EXERCISE REQUIREMENTS: The answer must consist solely of the lines below starting at the one containing "Tacky Design Chessboard" and ending at the one containing "大鑫4~6mm 透明布纹压花玻璃钢化玻璃1.83 2.44", repeated exactly, with both ends included and all pictures omitted.

--- MATERIAL SHOWN ---

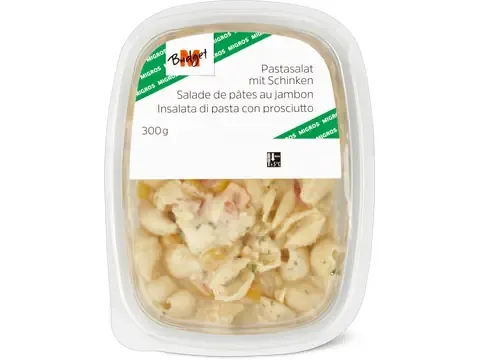 M-Budget · Salade de pâtes · avec jambon 300g
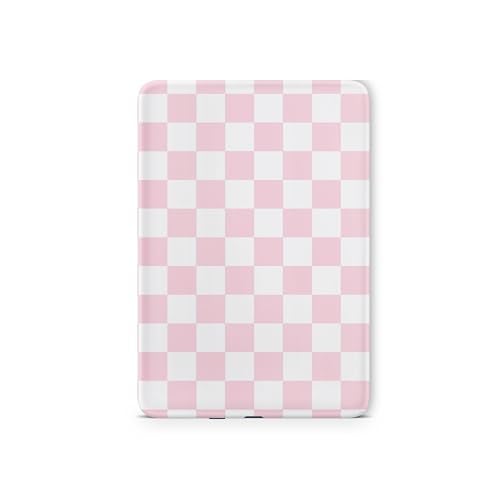 Tacky Design Chessboard Skin for Kindle Skin Decal, Minimalist Checkered Vinyl Wrap, Premium 3M Decal Sticker for Full Surface Coverage (Light Pink & Baby Pink, Kindle (10th Gen, 2019)) - Image 5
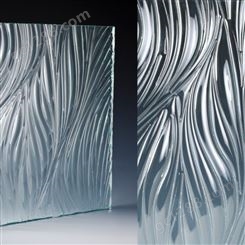 大鑫4~6mm 透明布纹压花玻璃钢化玻璃1.83 2.44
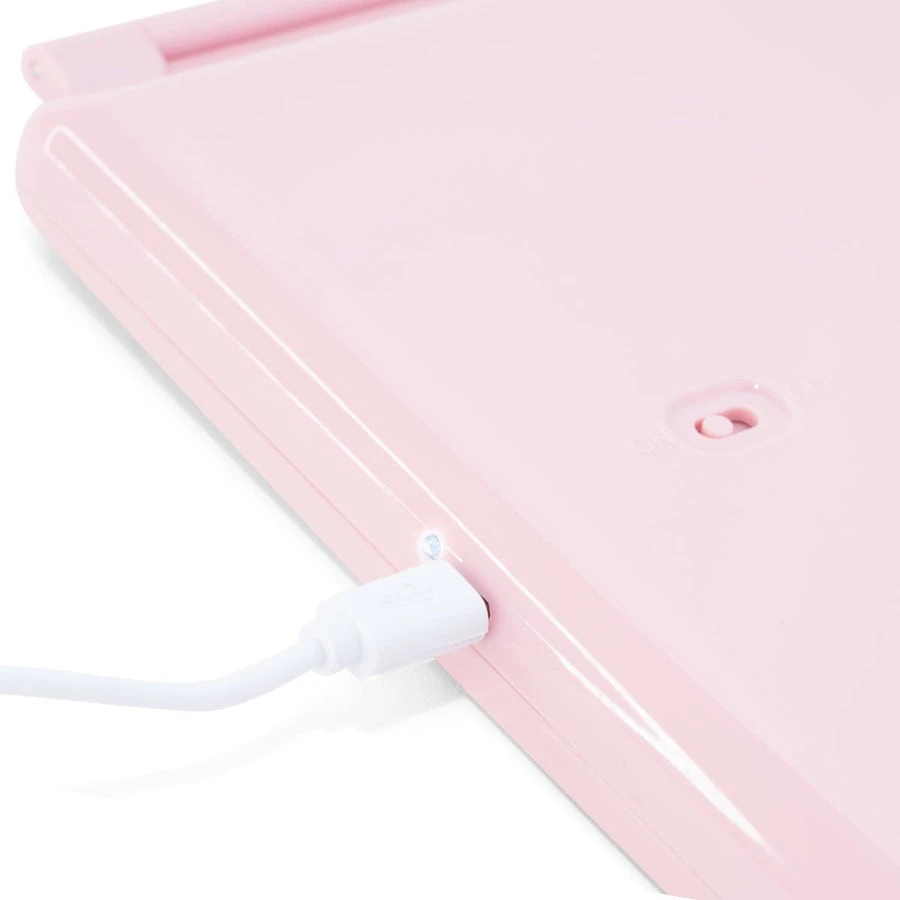 Touch Pad Rechargeable LED Makeup Mirror With Flip Cover 11 Touch Pad Rechargeable LED Makeup Mirror With Flip Cover - Image 9
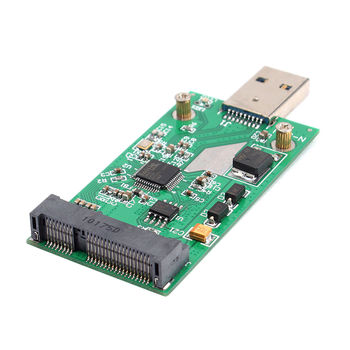 mSATA to USB 3.0 adapter For mini PCIe mSATA SSDs For mini PCIe mSATA SSDs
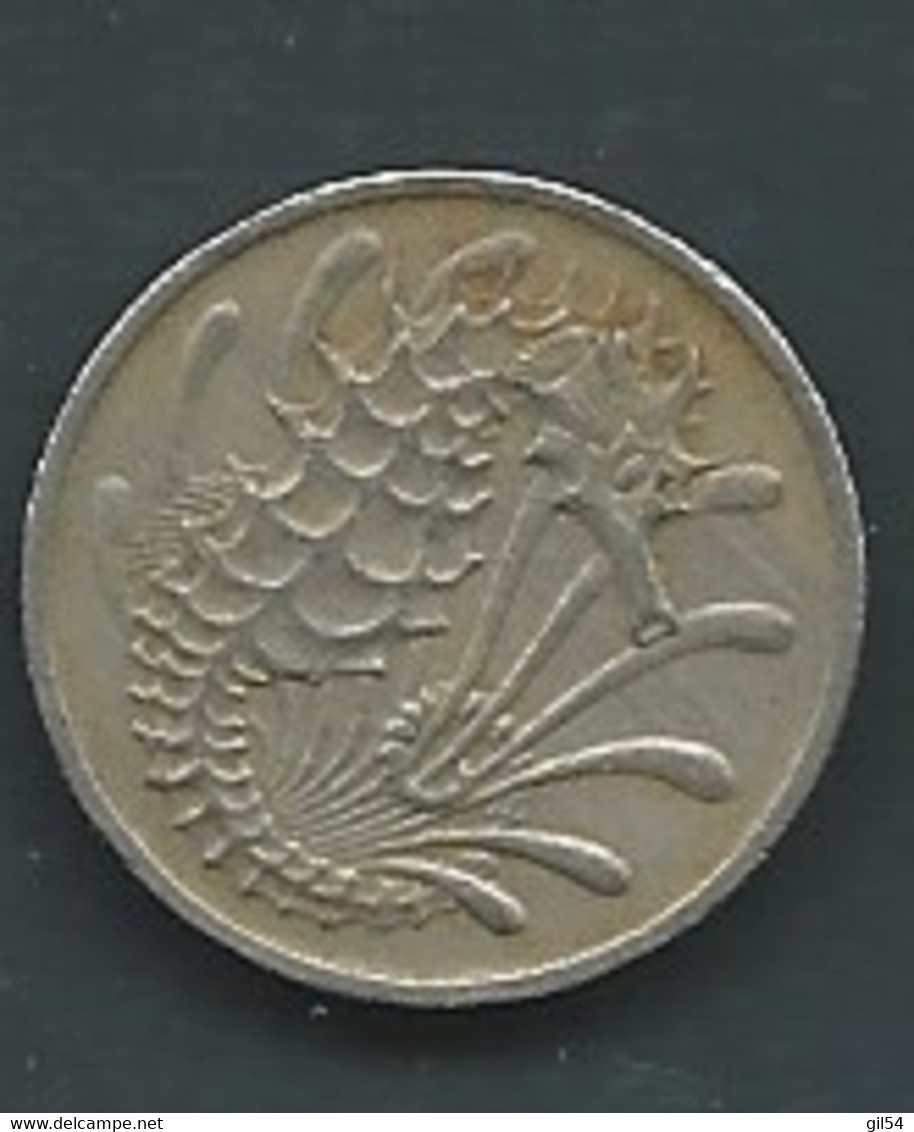 Piece  Singapour   Singapore - 10 Cents 1968- Pic 5113 - Singapour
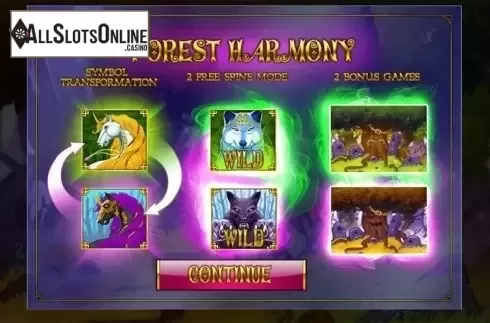 Screen 1. Forest Harmony from Spinomenal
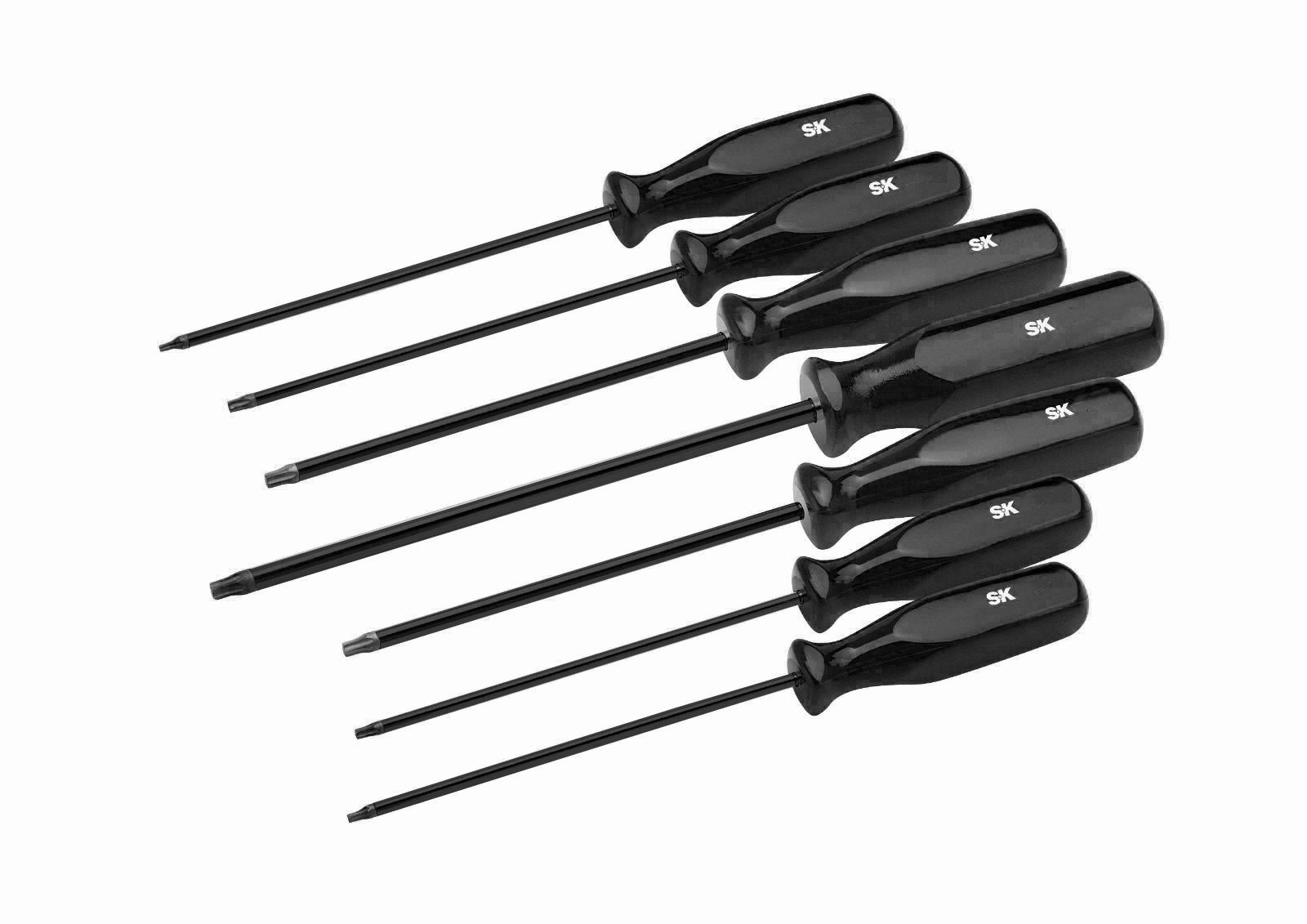 7 Piece SureGrip Torx Screwdriver Set with Black Handle - Perfect for Electronics, Automotive & DIY Home Repairs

---

RESPONSE TO THE EXERCISE:
 Tacky Design Chessboard Skin for Kindle Skin Decal, Minimalist Checkered Vinyl Wrap, Premium 3M Decal Sticker for Full Surface Coverage (Light Pink & Baby Pink, Kindle (10th Gen, 2019)) - Image 5
 大鑫4~6mm 透明布纹压花玻璃钢化玻璃1.83 2.44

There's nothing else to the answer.